I don’t know of any materials that would directly help. As you might imagine, I deal with this all the time and here are the main messages I give:



  1. It is “illegal” for physicians to dictate services, let alone intensity of services, upon diagnosing a child; according to IDEA, this is the responsibility of the team. Doctors respond to “illegal”!

  2. We explain to parents that doctors base their recommendations on the diagnosis, as though all children with the same diagnosis had the same needs. “And of course your child is doing well, has awesome parents, and now has a team of early interventionists helping, so we’re not in a worst case scenario.”

  3. What the doctor means is that your child needs at least this much INTERVENTION, but doctors don’t understand the difference between intervention and service. And actually your child deserves even more intervention than the doctor prescribed. Let’s do the math and add up all the intervention your child will get from you and his other primary caregivers. The job of the SERVICES is to help you make those interventions work.

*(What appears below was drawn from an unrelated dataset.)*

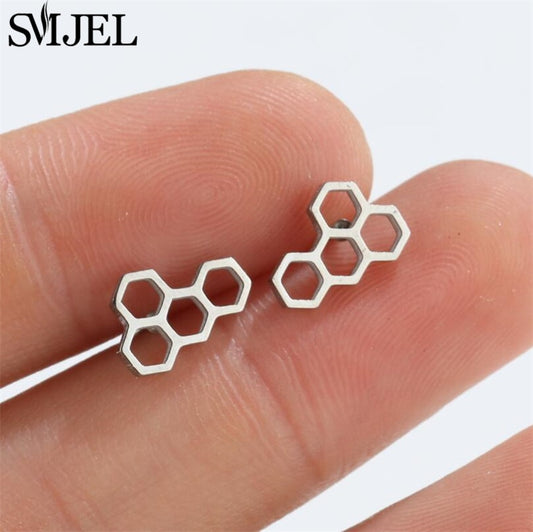 Honey Comb Stainless Steel Earrings Women Jewelry Small Studs Gifts Earring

Tuesday, September 9, 2008

Child care reflected on IFSP


I have been grappling with the issue that the IFSP should reflect the child care hours a child in early intervention receives, in addition to the number of hours of official early intervention services (e.g., special instruction, family training, SLP, OT, PT, etc.). I thought the federal law specifically allowed for the listing of “services” paid for and unpaid for by the system, but it doesn’t. The IFSP must contain “a statement of specific early intervention services based on peer-reviewed research… necessary to meet the unique needs..., including the frequency, intensity, and method of delivering services.” Resources are mentioned in the law, of course, in the CPR section: “a statement of the family’s resources, priorities, and concerns….” So below I list places on the IFSP where child care and number of hours can be documented.

Ideally, every IFSP would document, in the natural environments section, how many hours a week the child was planned to (a) attend a child care center, (b) attend a family child care home, (c) receive child care from one primary nonparental child care provider (e.g., nanny/babysitter, family member). In the meantime, we might want to record it in one of the four places identified below. This would show everyone how much intervention the child care center is providing and probably not getting paid for, from early intervention funds.


Places on the IFSP Where Child Care Intensity Can Be Recorded


  • Concerns, priorities, and resources section

  • Section for documenting natural environments

  • Section for extra notes from the IFSP meeting

  • Strategies or action steps for outcomes/goals

(Thanks to Jacque Davis, Ph.D., for getting some background information on this for me.)